FBGM (2014)
Wenn man nicht grad das Kaliber von Metallica hat, birgt der zweite Streich immer einige Risiken. Die Erwartungen sind hoch und eine auf Nummer sicher getrimmte 1:1 Kopie des Debüts wird trotz garantiertem kommerziellen Erfolg oft mit kreativem Bankrott gleichgesetzt (siehe Hybrid Theory/Meteora von Linkin Park). Was macht nun unser Pretty Mothafucka?

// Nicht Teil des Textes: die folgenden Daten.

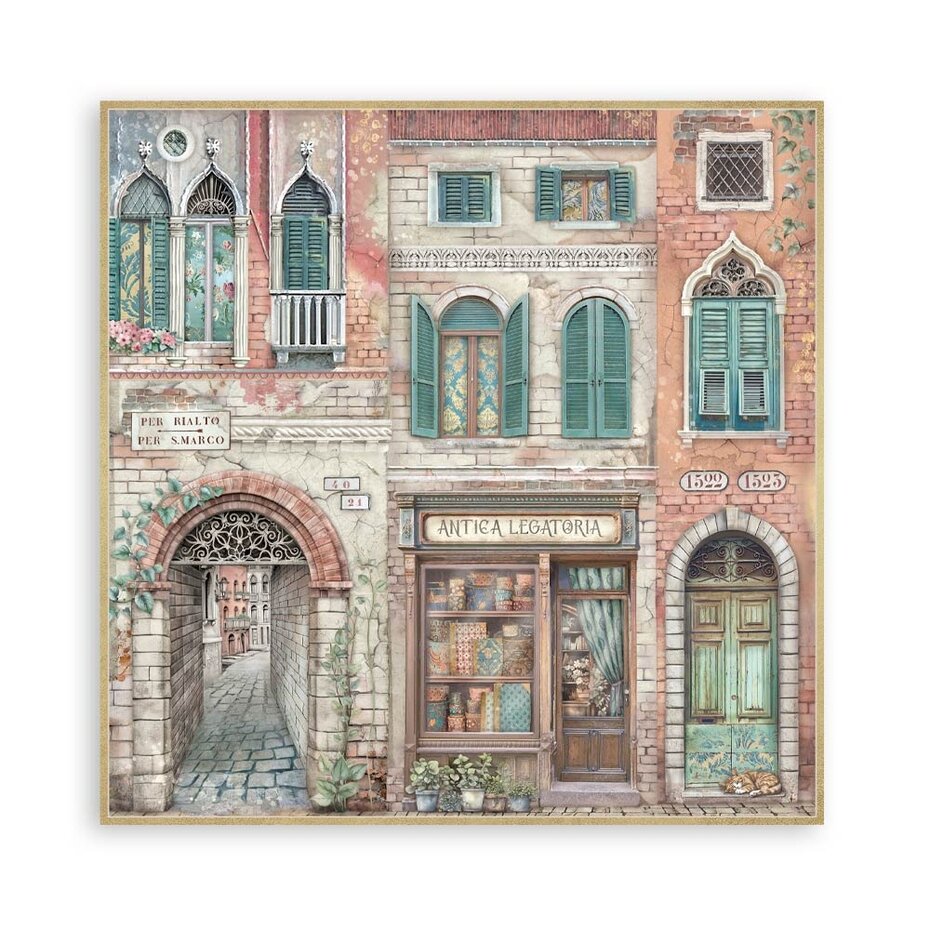 Stamperia Venice City of Art 8x8 Inch Paper Pack Maxi (Single Face) (SBBSXB14)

Julius Caesar liefert ein vielversprechendes Intro mit gutem Spannungsaufbau, in dem unser Michel zurecht fordert:
„Ich will, dass sich deutsche Rapper schämen für ihre Intros!“. Das folgende
Safe zeigt aber bereits deutlich das Problem, dass sich zu diesem Zeitpunkt in Shindys Karriere immer mehr in den Vordergrund drängte: Er wurde zu einer Art Bushido Klon, was Aussehen und Attitude angeht. War die Arroganz zuvor noch sympathisch verpackt, weicht sie nun einer unangenehmen ernstgemeinten ‚Ich bin besser als Du‘ Einstellung. Zeilen wie
„Benz auf dem Gehweg direkt vor der Tür wie ein A-loch geparkt“ wirken einfach abstoßend und helfen nicht, den Zuhörer mit auf diesen Film zu holen. Auch die Albumversion von
JFK wirkt mit seinen
Show Me Love/Robin S. Anleihen im Beat seltsam deplatziert. Die Video Version hätte deutlich besser zum Soundbild gepasst.

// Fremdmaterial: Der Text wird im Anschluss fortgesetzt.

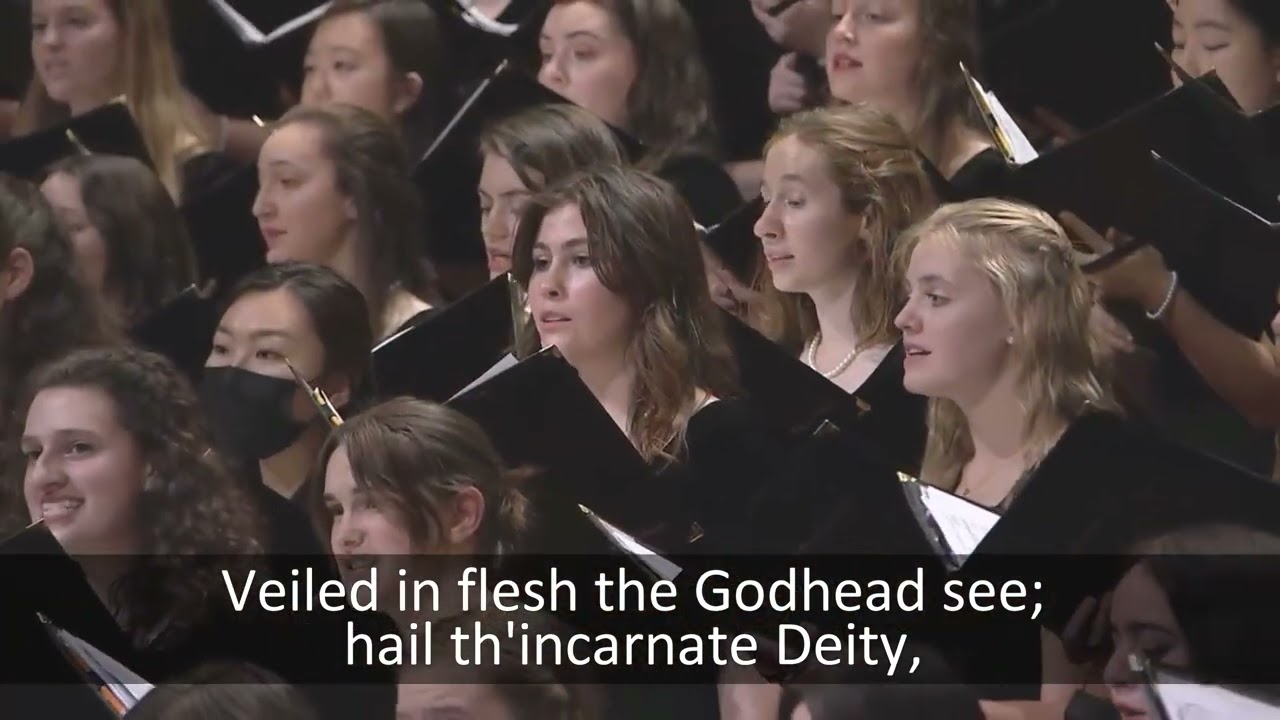 4K Hark the Herald Angels Sing with lyrics subtitles Christian worship music choir orchestra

Venedig, von dem alle Fanboys immer behaupten, es sei der Blueprint dafür, wie man stilsicher über Sex rappt, erzeugt einerseits durchaus Bilder von ausschweifendem Luxusleben. Andererseits habe ich als Kerl nun wirklich keinen Bock darauf, mir bewusst einen Track zu geben, in dem es um das Begatten irgendwelcher Italo-Modepüppchen in überteuerten Hotelsuiten geht. Ob die Rapwelt unbedingt einen Ali Bumaye brauchte, sei mal dahingestellt. Seinen „Uh, Ladidadi …“ Einstieg auf dem verzichtbaren
No Joke kann man sich aber wirklich sparen. Ebenfalls für Ohrenbluten sorgt der Track
Alle meine Fans, ein überflüssiges Feature mit Kollegah und ungenießbaren heruntergepitchten Vocals in der Hook, die Ekos
„Ich hab diesen Style erfunden, ihr seid alle meine Fans!“ ohne Gnade bis zum Erbrechen wiederholen. Mit Produzenten wie Djokaeff und Beatzarre an Bord ist unbegreifbar, wie sowas durch die Endkontrolle kommen kann.

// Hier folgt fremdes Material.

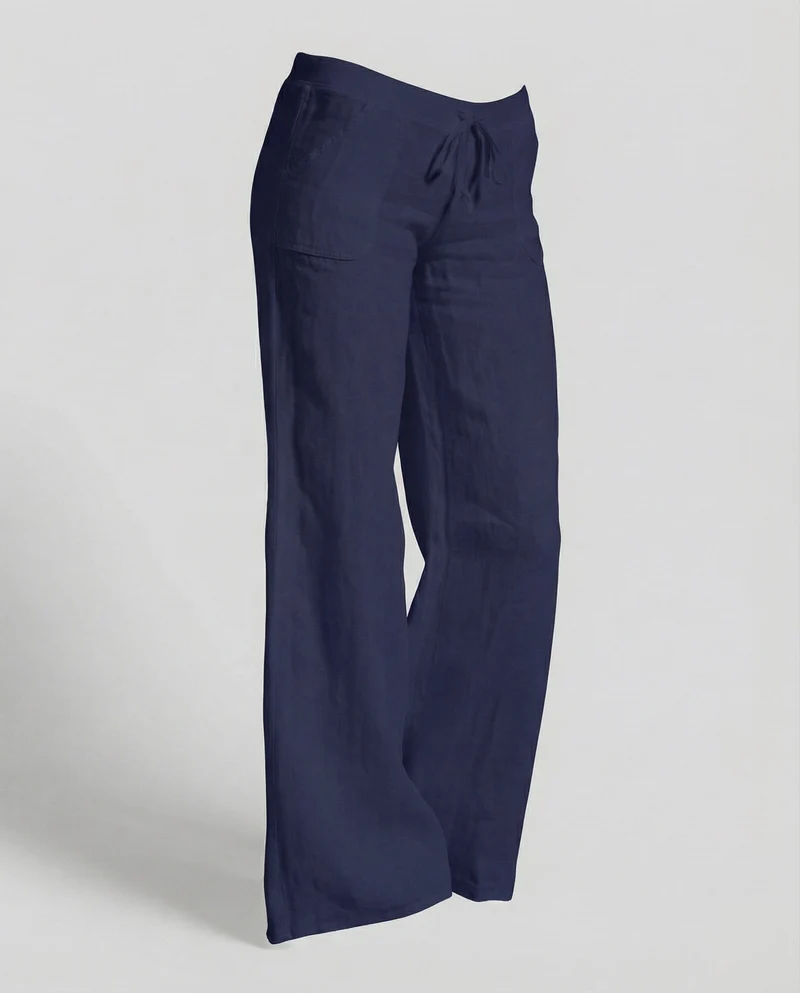 Damen luftige Leinenmix-Palazzohose mit Kordelzug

Thriller ist sicher der musikalisch interessanteste Titel des Albums, denn nach einem von Sylviah Gordon gesungenen souligen Intro folgt ein harter Bruch und Shindy rappt in gewohnter Manier über
„… deutsche Mietwagen, amerikanischer Kredikarten, italienische Textilwaren.“ Sterne ist mit seinem aus einem Bollywood Film entliehenen Fanfarensample cool gemacht. Bushido, der zuvor auf
Bang Bang noch passabel abgeliefert hat, liegt mit seinem Flow aber dermaßen meilenweit neben dem Takt, dass es auf keine Kuhhaut mehr geht. Wer sich selbst überzeugen will, hört die Stelle
„Sterne auf dem Kühlergrill, vor CCN3/ müsst ihr H0rensöhne fliehen, wie in einem Freddie Krüger Film.“
Die weiteren Tracks am Albumende sind nicht weiter erwähnenswert. Insbesondere der Abklatsch von Drakes ‚O to 100‘ auf
#BITCHICHBINFAME zeigt das grundlegende Problem dieser Platte gut auf: Shindy versucht fanboyhaft damals aktuelle Amistyles von Yeezy, Drake, DJ Mustard usw. zu kopieren. Im Vergleich zu NWA geht einiges an Eigenständigkeit verloren, auch wenn der Künstler FBGM als sein persönliches Lieblingsalbum bezeichnet. Wirklich in Fahrt kommt der Zweitling leider zu keinem Zeitpunkt und er ist auch kein Grower. Die Qualität der Reime
("Jeder Motherfucker weiß, Kleider machen Leute/Guck wie ich ein Lamm für meine Bikerjacke häute"), die smoothe Delivery und die Beats – mögen sie auch noch so sehr abgekupfert sein – sind trotz allem weiterhin auf hohem Niveau.
Ich vergebe enttäuschte
5/10.
Hören:
Julius Caesar, JFK (Video Version), Thriller.
Vermeiden:
No Joke, Alle meine Fans, #BITCHICHBINFAME.